Мусаев смотрел на нежное, совсем молодое, но уже тронутое морщинками усталости лицо девушки. Она с нескрываемой радостью устремилась навстречу капитану, а он разговаривал словно по обязанности. И рядом с мажарой Мусаев увидел майора, лицо которого было искривлено страдальческой гримасой.

— Рацию разбило, — печально сказала девушка, а Мусаеву казалось, что она хотела сказать другое.

— Вернетесь, получите новую, — как-то наигранно-весело ответил Суслов, в то же время нервничая, желая поскорее закончить разговор.

Девушка опустилась на сено, протянутая рука бессильно упала.

Суслов торопливо произнес:

— До свидания, Галина Алексеевна, выздоравливайте! — Повернулся, будто не заметив протянутой к нему и бессильно опустившейся руки девушки, пошел к машине. Опять изменилось выражение его лица: оно стало вдруг озабоченным и одновременно каким-то неприятно услужливым. А тем временем из-за мажары вышел майор, воскликнул с плохо разыгранным изумлением:

— Товарищ Казакова, здравствуйте!

— Здравствуйте, товарищ Тимохов, — тихо ответила девушка, все еще провожая взглядом капитана.

— Вот и встретились, — сказал Тимохов, поправляя мятую, грязную шапку. В бледно-голубых глазах его таился испуг. Бессознательными движениями его короткопалые руки оправляли шинель. Девушка молчала.

— А я вам подарочек припас, Галина Алексеевна, — вдруг сказал майор и запнулся.

Девушка с безразличным видом спросила:

— Какой?..

— Новую рацию, знаете, последнего выпуска, портативную. Вся величиной с конфетную коробку. Хотел, знаете, ее лентами перевязать и вместо конфет подарить…

— Теперь она мне не нужна, — сказала девушка. Потом вдруг взглянула в лицо майору, вспыхнула нежным румянцем и сразу же поборола смущение, румянец схлынул.

— Товарищ майор, попросите, чтобы меня не отправляли в госпиталь, — с затаенной надеждой произнесла она.

Плечи Тимохова опустились, он вздохнул.

— Суслов теперь будет при штабе… Говорят, его адъютантом назначили, — проговорил, едва скрывая раздражение, майор.

— При чем тут Суслов? Наступление начинается, а радистов не хватает… Понятно?

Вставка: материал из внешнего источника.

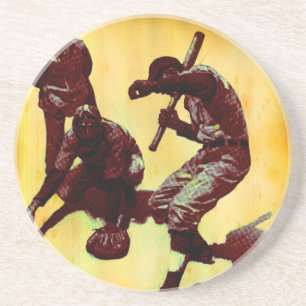 Vintage Baseball Players Sandstone Coaster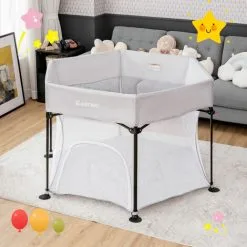 Costway Portable Baby Playpen Hexagonal Folding Play Yard Toddler Activity Center Grey 9 Costway Portable Baby Playpen Hexagonal Folding Play Yard Toddler Activity Center Grey -Children's chairs Sales Store 50914395 3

Машина тронулась, и Мусаев не дослушал разговора до конца. В заднее стекло он увидел, как девушка выпрыгнула из мажары на землю, а майор что-то продолжал говорить, размахивая руками. Девушка опустила голову, лицо ее было скрыто тенью. Таким затененным оно и запомнилось Мусаеву.

Проезжая мимо обоза, Мусаев смотрел на вооруженных автоматами возчиков, на стволы счетверенных зенитных пулеметов, прикрытых от дождя брезентом. Заметил, что на каждой телеге и машине лежали доски, камышовые маты, аккуратно прикрепленные лопаты. Обоз был подготовлен тщательно. Это как бы примирило Мусаева с майором, который на первый взгляд показался генералу нерасторопным и боязливым.